The United States is now engaged in an intense military technology competition with the Chinese Communist Party. The ability of U.S. troops to deter and defeat great power authoritarian adversaries hangs in the balance. To win this competition, Washington must beef up its military cooperative research and development efforts with tech-savvy democratic allies. At the top of that list should be Israel.

Two members of the Senate Armed Services Committee understand this well. Sens. Gary Peters, D-Mich., and Tom Cotton, R-Ark., introduced S 3775, the “United States-Israel Military Capability Act of 2020,” on Wednesday. This bipartisan legislation would require the establishment of a U.S.-Israel operations-technology working group. As the senators wrote in a February letter to Secretary of Defense Mark Esper, the working group would help ensure U.S. “warfighters never encounter a more technologically advanced foe.”

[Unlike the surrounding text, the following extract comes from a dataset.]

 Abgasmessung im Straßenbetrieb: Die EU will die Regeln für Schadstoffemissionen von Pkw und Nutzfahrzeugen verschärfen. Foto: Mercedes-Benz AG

Many Americans may be surprised to learn that they can no longer take U.S. military technological superiority for granted. In his new book, “The Kill Chain,” former Senate Armed Services Committee staff director Chris Brose notes that, over the last decade, the United States loses war games against China “almost every single time.”

To halt this trend, the Pentagon must shift its ongoing modernization efforts into high gear. Early cooperative R&D with the “Startup Nation” can help in this regard. Israel is one of America’s closest and most technologically advanced allies. The country boasts an “innovative and agile defense technology sector” that is a “global leader in many of the technologies important to Department of Defense modernization efforts,” as the legislation notes.

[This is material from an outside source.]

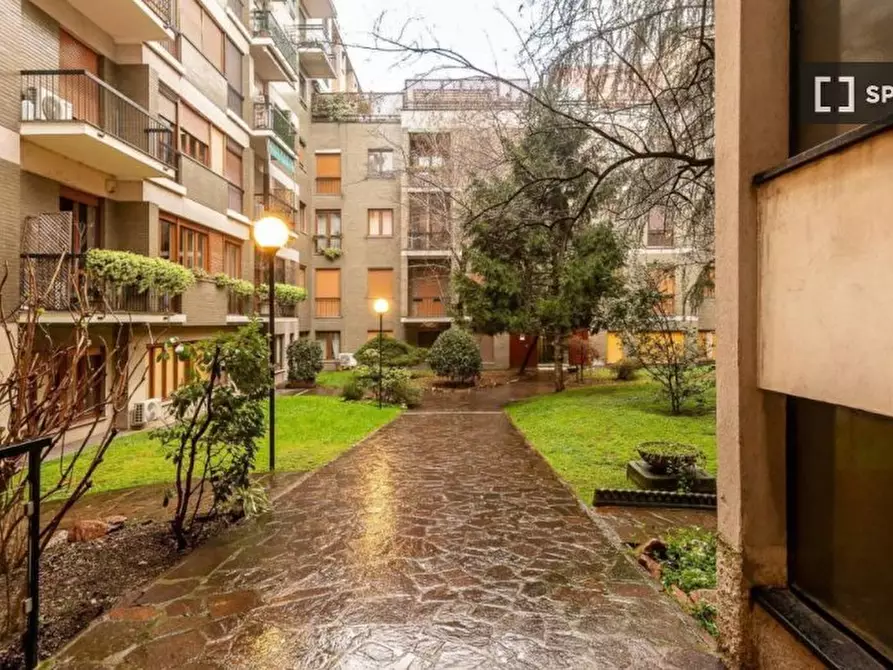 Immagine 15 di Appartamento in affitto  in Via Francesco de Sanctis a Milano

Some may deem the working group unnecessary, citing the deep and broad cooperation that already exists between the United States and Israel. But, as the legislation explains, “dangerous United States military capability gaps continue to emerge that a more systematic and institutionalized United States-Israel early cooperative research and development program could have prevented.”

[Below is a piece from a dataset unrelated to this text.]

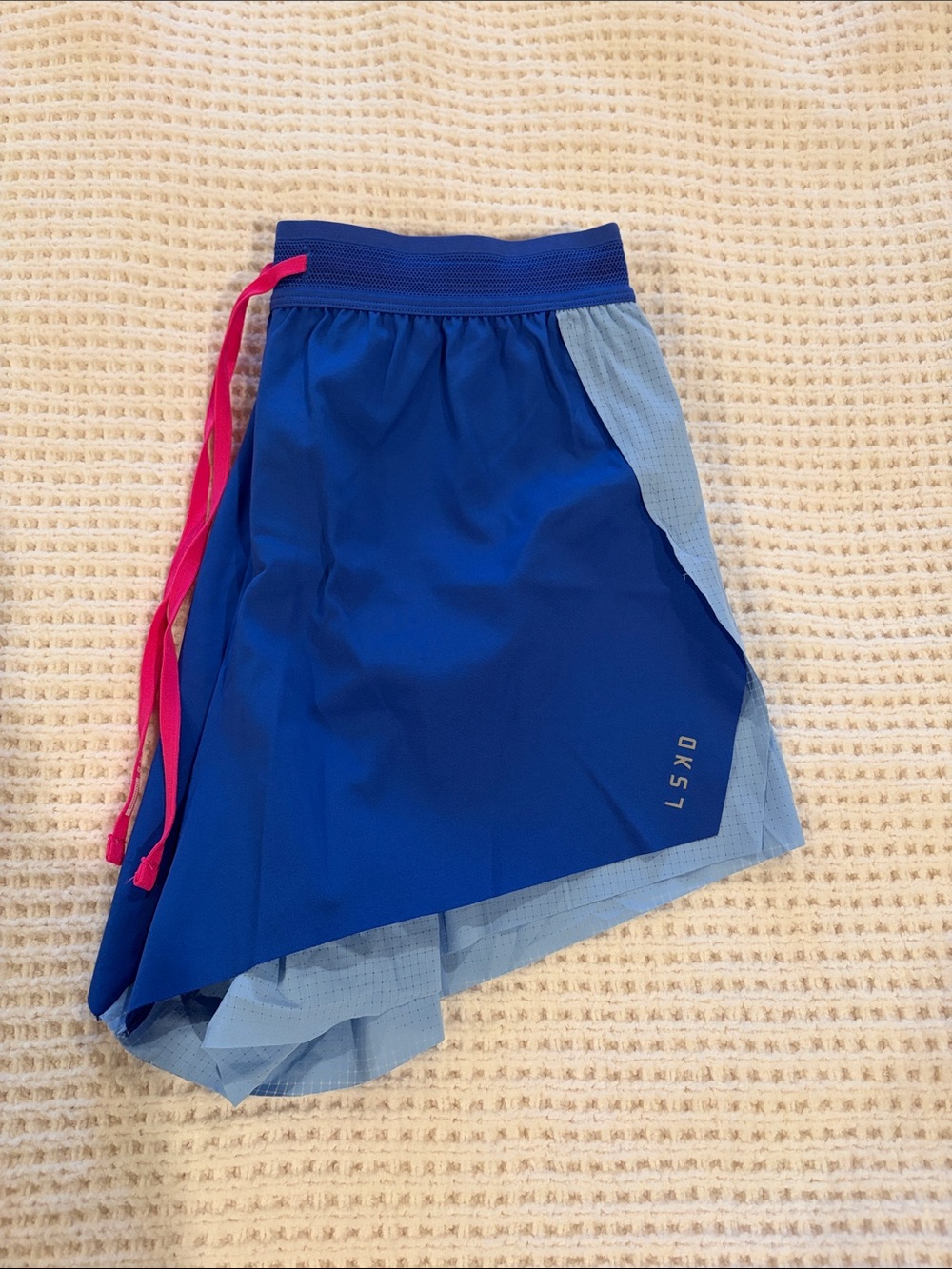 LSKD High-Rise Accelerate Shorts - Picture 3 of 4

Consider the fact, for example, that the Pentagon only last year acquired for U.S. tanks active protection systems from Israel that had been operational there since 2011. Consequently, U.S. soldiers operated for years in tanks and armored vehicles around the world lacking the cutting-edge protection Washington could have provided against missiles and rockets. That put U.S. soldiers in unnecessary risk.

Such examples put the burden of proof on those who may be tempted to reflexively defend the status quo as good enough.

Given the breakneck speed of our military technology race with the Chinese Communist Party, it’s clear the continued emergence of decade-long delays in adopting crucial technology is no longer something we can afford.

One of the reasons for these delays and failures to team up with Israeli partners at the beginning of the process is that U.S. and Israeli defense suppliers sometimes find it difficult to secure Washington’s approval for combined efforts to research and produce world-class weapons. Some requests to initiate combined U.S.-Israel R&D programs linger interminably in bureaucratic no-man’s land, failing to elicit a timely decision.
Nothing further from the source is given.